Having to authenticate through some internet connection at any point.
Tells you that your unemployed friends can't come over unless they have a job.
The indie devs cannot publish on Xbox One unless they partner with a M/S Studio.
When Xbox decides when to move in; you have to get rid of all your old stuff. You have to buy new stuff to appease.
No backwards compatibility, older controllers do not work, and paraphernalia won't instantly work for Xbox One.
Wants a monthly allowance just for dating, even though you shell out for all the bills.
The Xbox live subscription is in full effect and will never go away, or be readjusted.
Has a hidden camera set up in your house and you never know when its being viewedThe kinect being connected should be optional, not mandatory.
My personal reasons not to date the Xbox One
- After having to deal with a crazy customization of cords and wires to get my turtle beach headset working on Xbox 360's not so greatly placed inputs. Xbox One looks like it doesn't have the ports I need for headset gaming.

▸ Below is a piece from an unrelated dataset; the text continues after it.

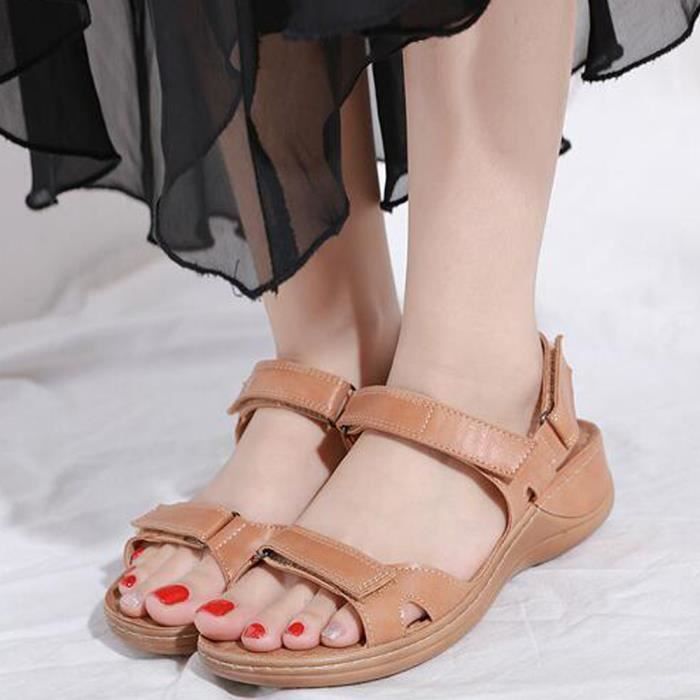 Sandales Femme Nu pieds t en Cuir Marron Antid rapantes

- Getting rid of the family plan was an asshole move Microsoft especially now when the systems would kind of be able to better understand the family dynamic of Multiple consoles in a household.
- Now my old Xbox kinect and Controllers are virtually useless with the new Xbox One. So now me and my family go from freedom of having our own controllers. To fight over XBox One's one controller.
- Avatars are gone now, so anyone who invested in that attire was better off going to buy a pair of jeans. At least they'd have them a few years later.
- So you push being the new wave of television. There is this cool thing called Tv-Dvr out now not later. If you focused on all this tv bullshit. Why no DVR out the box.